## What is expected
Could you return all of the entries word for word, minus any pictures?
Data excerpts below:
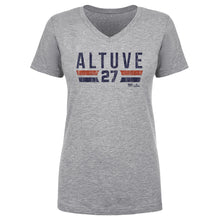Load image into Gallery viewer, Jose Altuve Houston Font
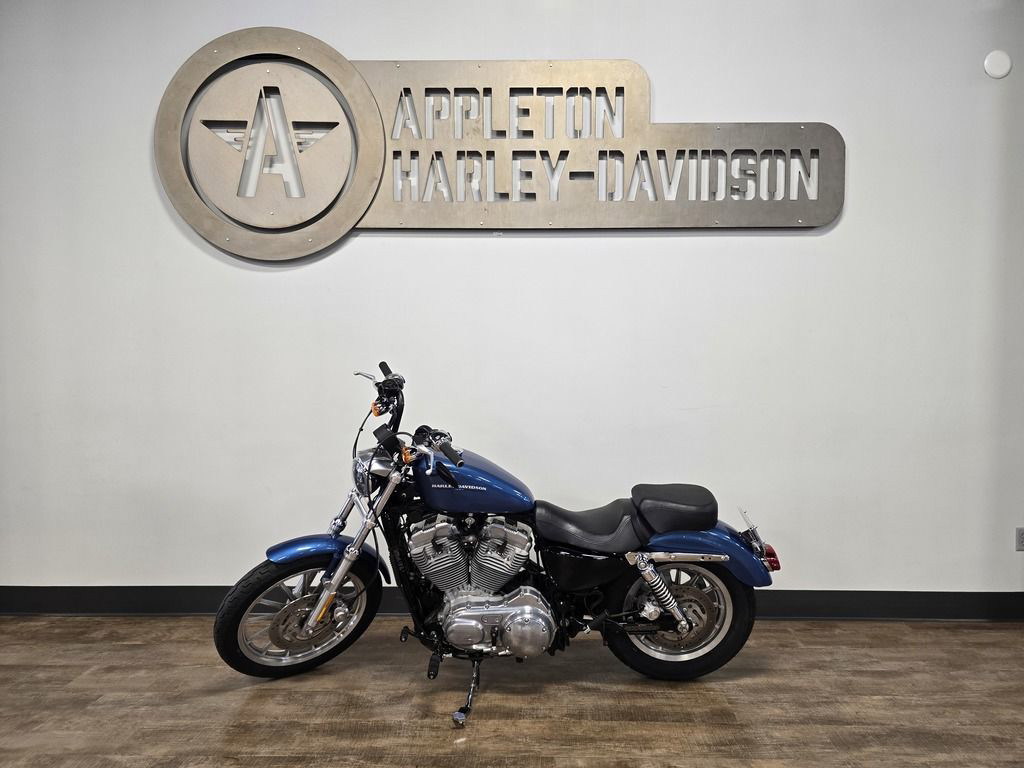 Sportster® 883 Low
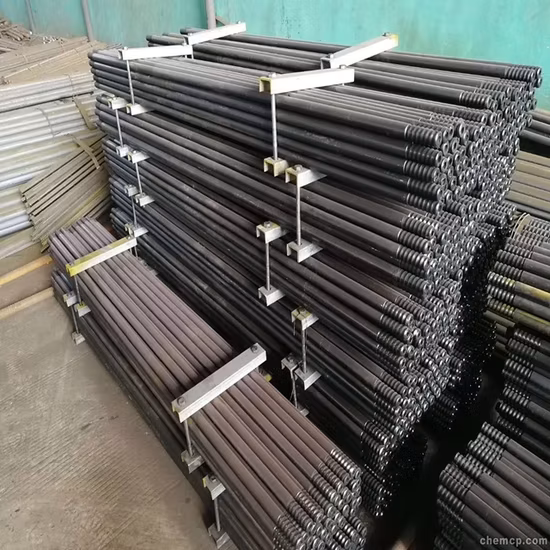 Geological Exploration Drilling Pipe Bq, Nq, Hq, Pq, Drill Rod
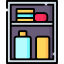 Minibar icon 64x64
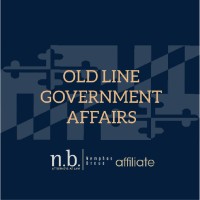 Old Line Government Affairs logo, Old Line Government Affairs contact details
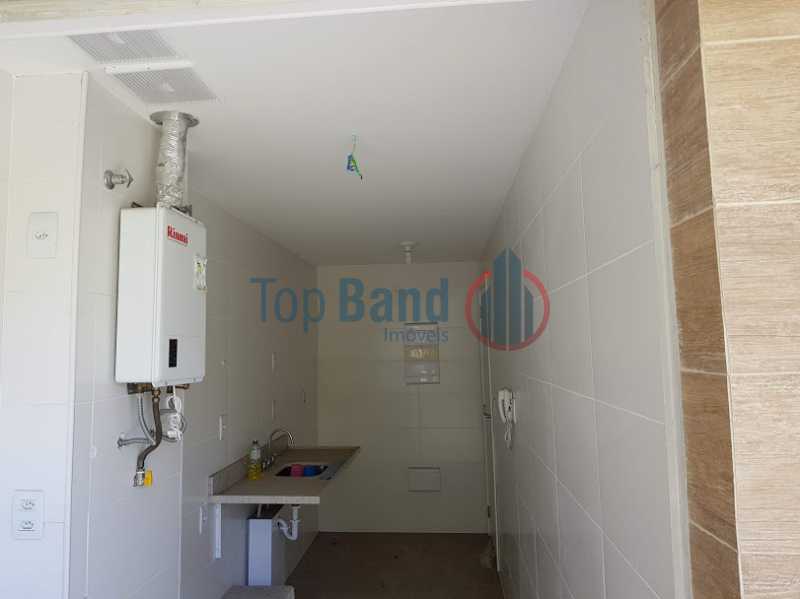 Conheça 20181218_105212 do imóvel - Cobertura À Venda Rua Daniel Barreto dos Santos,Recreio dos Bandeirantes, Rio de Janeiro - R$ 580.000 - TICO30027 - 13 20181218_105212 - Cobertura À Venda Rua Daniel Barreto dos Santos,Recreio dos Bandeirantes, Rio de Janeiro - R$ 580.000 - TICO30027 - 13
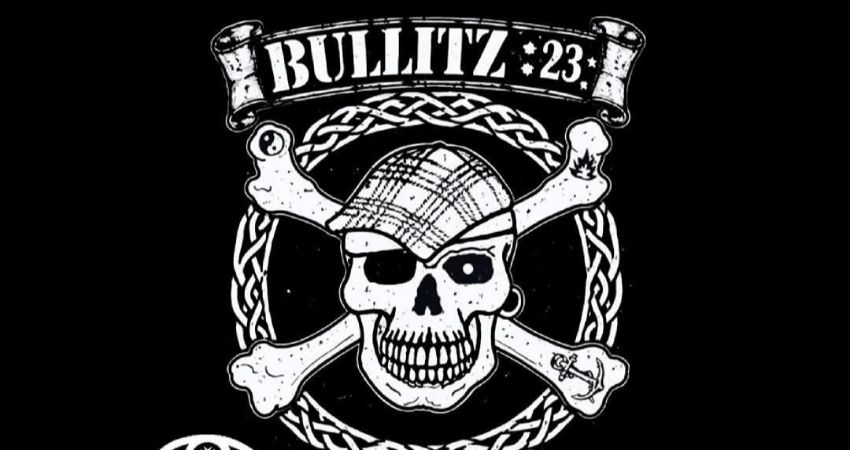 SHAKE SOME ACTON #157. BULLITZ 23,BAZOOMS,THE PARKING LOT 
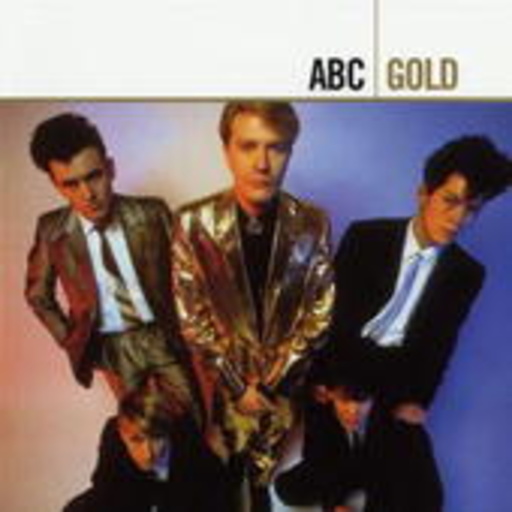 ABC – Gold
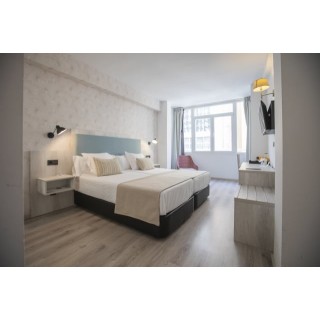 Hotel Soho Bahía Málaga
End of Data excerpts.
## Exercise answer
Load image into Gallery viewer, Jose Altuve Houston Font
 Sportster® 883 Low
 Geological Exploration Drilling Pipe Bq, Nq, Hq, Pq, Drill Rod
 Minibar icon 64x64
 Old Line Government Affairs logo, Old Line Government Affairs contact details
 Conheça 20181218_105212 do imóvel - Cobertura À Venda Rua Daniel Barreto dos Santos,Recreio dos Bandeirantes, Rio de Janeiro - R$ 580.000 - TICO30027 - 13 20181218_105212 - Cobertura À Venda Rua Daniel Barreto dos Santos,Recreio dos Bandeirantes, Rio de Janeiro - R$ 580.000 - TICO30027 - 13
 SHAKE SOME ACTON #157. BULLITZ 23,BAZOOMS,THE PARKING LOT 
 ABC – Gold
 Hotel Soho Bahía Málaga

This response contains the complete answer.